According to Kodak's 'A Thousand Words' blog:
I learned that the flicker that you will see is a result of two different things. First, early cameras were hand cranked, or hand wound, to feed the film through. This could result in slight variations in speed. Second, there could be uneven densities in the film itself because of its age. These two physical characteristics combine to produce the "flicker" that you see. There are digital enhancements that can be made to address this but we thought it better to keep this in its original form.
I wonder, who were the ladies in this test? Were they Kodak employees? What kind of lives did they lead? Those questions are lost to the ages.
So without further adieu, here from 1922, a full 7 years before the first Academy Award ceremony, is some of the earliest color motion pictures that you will ever see.
That was kind of like time travel wasn't it? What did you think?
UPDATE March 11, 2010: This just in from friend and fellow film geek Mike C. more information on this piece of footage from a Silent Film Festival site. Well done!
"In these newly preserved tests, made in 1922 at the Paragon Studios in Fort Lee, New Jersey, actress Mae Murray appears almost translucent, her flesh a pale white that is reminiscent of perfectly sculpted marble, enhanced with touches of color to her lips, eyes, and hair. She is joined by actress Hope Hampton modeling costumes from The Light in the Dark (1922), which contained the first commercial use of Two-Color Kodachrome in a feature film. Ziegfeld Follies actress Mary Eaton and an unidentified woman and child also appear.

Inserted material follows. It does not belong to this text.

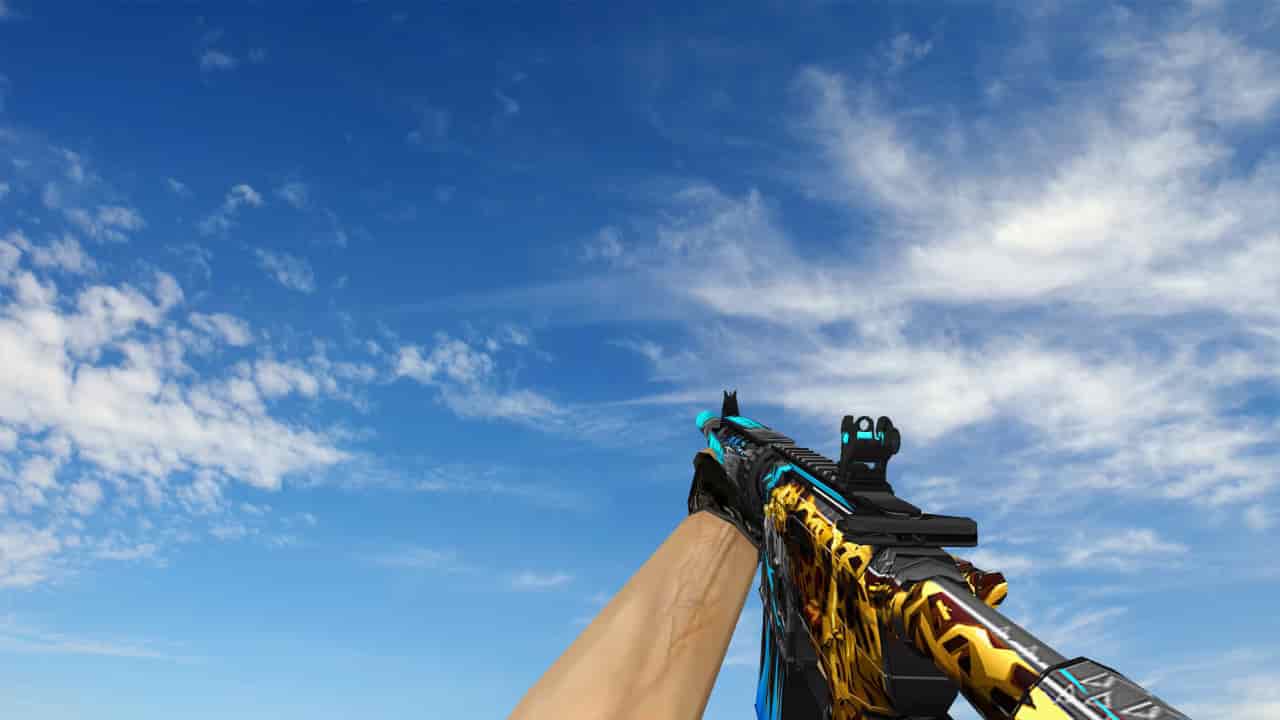 M4A4 Gury Jaguar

George Eastman House is the repository for many of the early tests made by the Eastman Kodak Company of their various motion picture film stocks and color processes. The Two-Color Kodachrome Process was an attempt to bring natural lifelike colors to the screen through the photochemical method in a subtractive color system. First tests on the Two-Color Kodachrome Process were begun in late 1914. Shot with a dual-lens camera, the process recorded filtered images on black/white negative stock, then made black/white separation positives. The final prints were actually produced by bleaching and tanning a double-coated duplicate negative (made from the positive separations), then dyeing the emulsion green/blue on one side and red on the other. Combined they created a rather ethereal palette of hues."
There's more at the link.
I find that film clip fascinating. It's amazing to think that we're looking at young women, now long dead, but then in the prime of their lives. I wonder if they thought, back then, that people as yet unborn would be looking at them in color, and wondering what their lives were like?